Work to be completed → Each line of the listing below containing the word "Zara" should be returned.
Records supplied Start Marker
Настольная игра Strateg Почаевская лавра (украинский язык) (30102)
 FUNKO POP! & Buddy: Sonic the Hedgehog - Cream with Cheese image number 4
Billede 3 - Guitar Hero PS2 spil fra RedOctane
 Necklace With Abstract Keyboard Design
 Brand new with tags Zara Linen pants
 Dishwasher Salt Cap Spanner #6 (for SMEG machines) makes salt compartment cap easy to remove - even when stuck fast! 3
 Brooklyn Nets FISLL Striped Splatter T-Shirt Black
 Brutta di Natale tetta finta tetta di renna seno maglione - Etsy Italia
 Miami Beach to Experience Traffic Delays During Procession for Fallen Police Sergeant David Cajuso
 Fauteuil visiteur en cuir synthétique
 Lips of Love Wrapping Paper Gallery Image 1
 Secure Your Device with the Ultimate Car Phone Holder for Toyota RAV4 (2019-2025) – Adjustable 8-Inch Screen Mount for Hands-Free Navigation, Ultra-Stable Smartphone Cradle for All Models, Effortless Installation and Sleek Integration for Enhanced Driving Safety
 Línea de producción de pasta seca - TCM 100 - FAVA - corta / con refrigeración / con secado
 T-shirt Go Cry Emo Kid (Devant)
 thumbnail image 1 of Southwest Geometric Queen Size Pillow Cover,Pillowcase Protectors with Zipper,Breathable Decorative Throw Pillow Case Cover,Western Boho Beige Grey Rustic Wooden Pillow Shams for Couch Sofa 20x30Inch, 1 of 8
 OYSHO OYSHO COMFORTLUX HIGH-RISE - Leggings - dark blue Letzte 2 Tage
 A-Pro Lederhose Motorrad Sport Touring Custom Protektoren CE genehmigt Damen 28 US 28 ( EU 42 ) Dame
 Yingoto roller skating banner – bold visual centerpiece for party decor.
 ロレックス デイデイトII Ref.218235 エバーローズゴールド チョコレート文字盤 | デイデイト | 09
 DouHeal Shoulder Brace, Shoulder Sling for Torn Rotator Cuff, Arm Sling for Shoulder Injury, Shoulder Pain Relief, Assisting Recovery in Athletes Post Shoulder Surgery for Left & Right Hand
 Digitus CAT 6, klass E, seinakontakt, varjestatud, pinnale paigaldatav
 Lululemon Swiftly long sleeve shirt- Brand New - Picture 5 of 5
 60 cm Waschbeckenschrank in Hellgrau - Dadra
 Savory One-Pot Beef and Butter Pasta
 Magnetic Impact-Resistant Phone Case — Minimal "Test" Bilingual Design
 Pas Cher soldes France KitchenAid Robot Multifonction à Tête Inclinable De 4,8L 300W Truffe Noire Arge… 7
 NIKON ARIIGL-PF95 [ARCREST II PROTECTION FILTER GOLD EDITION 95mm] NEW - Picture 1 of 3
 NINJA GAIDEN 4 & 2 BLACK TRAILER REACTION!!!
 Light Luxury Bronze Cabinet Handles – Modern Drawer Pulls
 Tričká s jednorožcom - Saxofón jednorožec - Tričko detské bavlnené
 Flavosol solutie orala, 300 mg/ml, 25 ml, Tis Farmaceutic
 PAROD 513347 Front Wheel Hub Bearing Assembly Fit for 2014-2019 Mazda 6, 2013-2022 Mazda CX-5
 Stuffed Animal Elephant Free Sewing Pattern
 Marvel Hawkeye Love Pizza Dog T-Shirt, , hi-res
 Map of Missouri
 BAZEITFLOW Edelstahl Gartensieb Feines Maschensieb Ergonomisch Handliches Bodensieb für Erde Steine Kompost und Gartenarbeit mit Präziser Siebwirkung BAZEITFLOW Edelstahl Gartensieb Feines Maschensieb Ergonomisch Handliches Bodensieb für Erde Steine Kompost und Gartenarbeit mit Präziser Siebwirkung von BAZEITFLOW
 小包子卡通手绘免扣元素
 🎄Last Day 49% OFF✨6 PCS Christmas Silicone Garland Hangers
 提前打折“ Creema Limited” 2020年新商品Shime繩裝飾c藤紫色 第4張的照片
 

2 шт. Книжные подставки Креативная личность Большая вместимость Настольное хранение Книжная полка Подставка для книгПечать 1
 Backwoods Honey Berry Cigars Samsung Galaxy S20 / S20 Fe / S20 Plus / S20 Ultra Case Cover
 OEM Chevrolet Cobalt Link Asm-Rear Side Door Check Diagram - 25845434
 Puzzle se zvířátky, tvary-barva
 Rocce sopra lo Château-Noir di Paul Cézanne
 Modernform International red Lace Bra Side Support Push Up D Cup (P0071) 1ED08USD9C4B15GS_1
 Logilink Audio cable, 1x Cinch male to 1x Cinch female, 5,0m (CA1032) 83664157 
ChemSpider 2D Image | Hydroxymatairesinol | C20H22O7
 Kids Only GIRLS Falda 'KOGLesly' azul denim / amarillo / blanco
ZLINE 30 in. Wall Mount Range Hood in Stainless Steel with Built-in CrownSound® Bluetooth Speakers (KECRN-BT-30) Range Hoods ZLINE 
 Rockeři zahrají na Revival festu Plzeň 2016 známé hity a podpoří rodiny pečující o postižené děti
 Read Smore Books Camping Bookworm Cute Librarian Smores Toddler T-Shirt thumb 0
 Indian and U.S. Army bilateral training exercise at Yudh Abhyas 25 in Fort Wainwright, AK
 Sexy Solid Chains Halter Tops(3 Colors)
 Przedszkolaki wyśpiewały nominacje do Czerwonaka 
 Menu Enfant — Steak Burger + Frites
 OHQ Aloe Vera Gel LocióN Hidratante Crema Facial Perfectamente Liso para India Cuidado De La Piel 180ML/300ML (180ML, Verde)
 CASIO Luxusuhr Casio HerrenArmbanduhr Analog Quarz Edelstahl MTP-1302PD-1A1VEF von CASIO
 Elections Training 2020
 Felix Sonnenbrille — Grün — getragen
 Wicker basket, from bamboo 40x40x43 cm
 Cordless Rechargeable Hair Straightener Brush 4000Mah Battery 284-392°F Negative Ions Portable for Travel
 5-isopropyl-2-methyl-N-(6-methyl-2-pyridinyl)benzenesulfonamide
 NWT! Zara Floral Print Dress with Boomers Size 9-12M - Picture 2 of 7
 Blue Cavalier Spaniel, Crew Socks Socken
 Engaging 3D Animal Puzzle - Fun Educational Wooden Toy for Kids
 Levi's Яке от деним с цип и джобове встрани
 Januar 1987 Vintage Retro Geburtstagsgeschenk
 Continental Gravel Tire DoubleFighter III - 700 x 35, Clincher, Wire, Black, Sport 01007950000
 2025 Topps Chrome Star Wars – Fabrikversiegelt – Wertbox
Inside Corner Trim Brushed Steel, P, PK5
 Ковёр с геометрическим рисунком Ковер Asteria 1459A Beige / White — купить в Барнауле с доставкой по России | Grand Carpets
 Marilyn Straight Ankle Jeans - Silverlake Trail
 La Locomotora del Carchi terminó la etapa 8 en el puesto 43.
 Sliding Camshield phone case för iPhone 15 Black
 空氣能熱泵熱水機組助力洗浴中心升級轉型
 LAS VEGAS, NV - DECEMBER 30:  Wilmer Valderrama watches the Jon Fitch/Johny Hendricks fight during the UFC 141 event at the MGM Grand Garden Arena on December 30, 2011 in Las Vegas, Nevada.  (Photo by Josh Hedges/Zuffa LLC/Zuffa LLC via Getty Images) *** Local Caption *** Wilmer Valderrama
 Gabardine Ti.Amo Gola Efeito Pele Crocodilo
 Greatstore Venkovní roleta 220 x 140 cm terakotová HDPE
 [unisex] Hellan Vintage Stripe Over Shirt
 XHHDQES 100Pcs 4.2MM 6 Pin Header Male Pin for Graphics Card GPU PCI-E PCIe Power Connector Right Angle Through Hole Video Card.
Records supplied End Marker
Answer to this task →
 Brand new with tags Zara Linen pants
 NWT! Zara Floral Print Dress with Boomers Size 9-12M - Picture 2 of 7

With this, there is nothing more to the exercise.